▶ _Data to use_

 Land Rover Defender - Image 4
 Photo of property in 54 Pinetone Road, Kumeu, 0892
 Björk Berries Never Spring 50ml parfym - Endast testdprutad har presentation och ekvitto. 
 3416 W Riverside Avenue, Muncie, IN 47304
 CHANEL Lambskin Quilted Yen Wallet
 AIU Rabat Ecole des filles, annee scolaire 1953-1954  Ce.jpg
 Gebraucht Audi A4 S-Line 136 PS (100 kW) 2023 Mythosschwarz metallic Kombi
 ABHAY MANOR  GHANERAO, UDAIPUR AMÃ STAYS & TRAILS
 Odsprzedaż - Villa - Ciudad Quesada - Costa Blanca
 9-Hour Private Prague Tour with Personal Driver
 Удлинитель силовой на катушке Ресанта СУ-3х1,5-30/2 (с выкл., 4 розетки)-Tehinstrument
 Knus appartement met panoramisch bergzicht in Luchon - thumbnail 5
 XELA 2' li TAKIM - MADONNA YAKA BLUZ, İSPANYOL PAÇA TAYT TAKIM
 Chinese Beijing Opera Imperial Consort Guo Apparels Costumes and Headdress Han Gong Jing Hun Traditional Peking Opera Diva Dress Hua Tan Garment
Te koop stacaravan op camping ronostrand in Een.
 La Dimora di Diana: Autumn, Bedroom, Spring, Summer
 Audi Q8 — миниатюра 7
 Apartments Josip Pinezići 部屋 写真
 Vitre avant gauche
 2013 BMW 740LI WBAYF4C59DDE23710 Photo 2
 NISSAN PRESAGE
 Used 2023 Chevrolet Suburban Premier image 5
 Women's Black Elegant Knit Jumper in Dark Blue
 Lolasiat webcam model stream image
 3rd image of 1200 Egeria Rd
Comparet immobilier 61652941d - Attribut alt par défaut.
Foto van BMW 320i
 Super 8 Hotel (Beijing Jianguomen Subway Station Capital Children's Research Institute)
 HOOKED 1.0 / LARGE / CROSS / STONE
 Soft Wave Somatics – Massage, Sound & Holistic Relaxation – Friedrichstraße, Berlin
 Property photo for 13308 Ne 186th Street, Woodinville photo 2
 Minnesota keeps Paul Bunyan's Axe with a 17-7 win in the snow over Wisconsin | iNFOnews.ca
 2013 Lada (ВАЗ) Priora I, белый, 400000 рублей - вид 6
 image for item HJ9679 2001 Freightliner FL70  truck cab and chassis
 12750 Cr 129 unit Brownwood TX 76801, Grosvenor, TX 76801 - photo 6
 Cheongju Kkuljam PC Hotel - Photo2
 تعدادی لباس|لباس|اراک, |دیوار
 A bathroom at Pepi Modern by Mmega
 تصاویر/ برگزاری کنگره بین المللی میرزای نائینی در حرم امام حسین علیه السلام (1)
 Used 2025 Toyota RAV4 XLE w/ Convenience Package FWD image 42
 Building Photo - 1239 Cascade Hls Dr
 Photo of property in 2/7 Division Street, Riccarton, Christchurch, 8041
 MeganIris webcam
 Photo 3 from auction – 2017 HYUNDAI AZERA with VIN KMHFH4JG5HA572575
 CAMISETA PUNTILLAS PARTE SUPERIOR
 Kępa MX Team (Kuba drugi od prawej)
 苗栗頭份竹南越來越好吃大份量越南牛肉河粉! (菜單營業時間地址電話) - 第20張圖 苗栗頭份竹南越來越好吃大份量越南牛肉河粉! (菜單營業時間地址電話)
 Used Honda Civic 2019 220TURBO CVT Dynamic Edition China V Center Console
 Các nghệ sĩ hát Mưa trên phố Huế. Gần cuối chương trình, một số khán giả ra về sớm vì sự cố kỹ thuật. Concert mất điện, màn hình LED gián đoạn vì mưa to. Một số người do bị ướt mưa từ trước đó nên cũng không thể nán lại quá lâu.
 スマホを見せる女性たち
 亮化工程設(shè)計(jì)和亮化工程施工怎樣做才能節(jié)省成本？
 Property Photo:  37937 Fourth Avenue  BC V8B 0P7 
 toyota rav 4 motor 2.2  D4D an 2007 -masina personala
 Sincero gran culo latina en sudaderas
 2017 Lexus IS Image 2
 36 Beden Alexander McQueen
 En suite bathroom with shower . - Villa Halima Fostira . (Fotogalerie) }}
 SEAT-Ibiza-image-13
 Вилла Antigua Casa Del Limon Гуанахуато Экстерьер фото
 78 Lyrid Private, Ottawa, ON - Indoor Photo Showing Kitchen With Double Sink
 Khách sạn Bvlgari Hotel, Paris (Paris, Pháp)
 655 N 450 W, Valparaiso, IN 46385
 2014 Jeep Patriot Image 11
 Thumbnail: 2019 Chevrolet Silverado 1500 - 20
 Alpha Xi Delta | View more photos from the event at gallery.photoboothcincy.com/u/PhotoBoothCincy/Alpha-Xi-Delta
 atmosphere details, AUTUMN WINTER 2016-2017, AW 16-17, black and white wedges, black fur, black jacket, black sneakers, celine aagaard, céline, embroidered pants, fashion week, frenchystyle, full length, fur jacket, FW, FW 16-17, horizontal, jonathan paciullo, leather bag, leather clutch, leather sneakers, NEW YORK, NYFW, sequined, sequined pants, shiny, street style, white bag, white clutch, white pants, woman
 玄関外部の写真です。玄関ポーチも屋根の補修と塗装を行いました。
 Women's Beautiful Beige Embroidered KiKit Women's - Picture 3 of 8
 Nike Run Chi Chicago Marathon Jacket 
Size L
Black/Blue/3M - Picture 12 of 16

▶ _Your task_
Retype exactly the lines above, from the one with "Kępa MX Team (Kuba drugi od prawej)" through the one with "Alpha Xi Delta", inclusive.

▶ _Task solution_
 Kępa MX Team (Kuba drugi od prawej)
 苗栗頭份竹南越來越好吃大份量越南牛肉河粉! (菜單營業時間地址電話) - 第20張圖 苗栗頭份竹南越來越好吃大份量越南牛肉河粉! (菜單營業時間地址電話)
 Used Honda Civic 2019 220TURBO CVT Dynamic Edition China V Center Console
 Các nghệ sĩ hát Mưa trên phố Huế. Gần cuối chương trình, một số khán giả ra về sớm vì sự cố kỹ thuật. Concert mất điện, màn hình LED gián đoạn vì mưa to. Một số người do bị ướt mưa từ trước đó nên cũng không thể nán lại quá lâu.
 スマホを見せる女性たち
 亮化工程設(shè)計(jì)和亮化工程施工怎樣做才能節(jié)省成本？
 Property Photo:  37937 Fourth Avenue  BC V8B 0P7 
 toyota rav 4 motor 2.2  D4D an 2007 -masina personala
 Sincero gran culo latina en sudaderas
 2017 Lexus IS Image 2
 36 Beden Alexander McQueen
 En suite bathroom with shower . - Villa Halima Fostira . (Fotogalerie) }}
 SEAT-Ibiza-image-13
 Вилла Antigua Casa Del Limon Гуанахуато Экстерьер фото
 78 Lyrid Private, Ottawa, ON - Indoor Photo Showing Kitchen With Double Sink
 Khách sạn Bvlgari Hotel, Paris (Paris, Pháp)
 655 N 450 W, Valparaiso, IN 46385
 2014 Jeep Patriot Image 11
 Thumbnail: 2019 Chevrolet Silverado 1500 - 20
 Alpha Xi Delta | View more photos from the event at gallery.photoboothcincy.com/u/PhotoBoothCincy/Alpha-Xi-Delta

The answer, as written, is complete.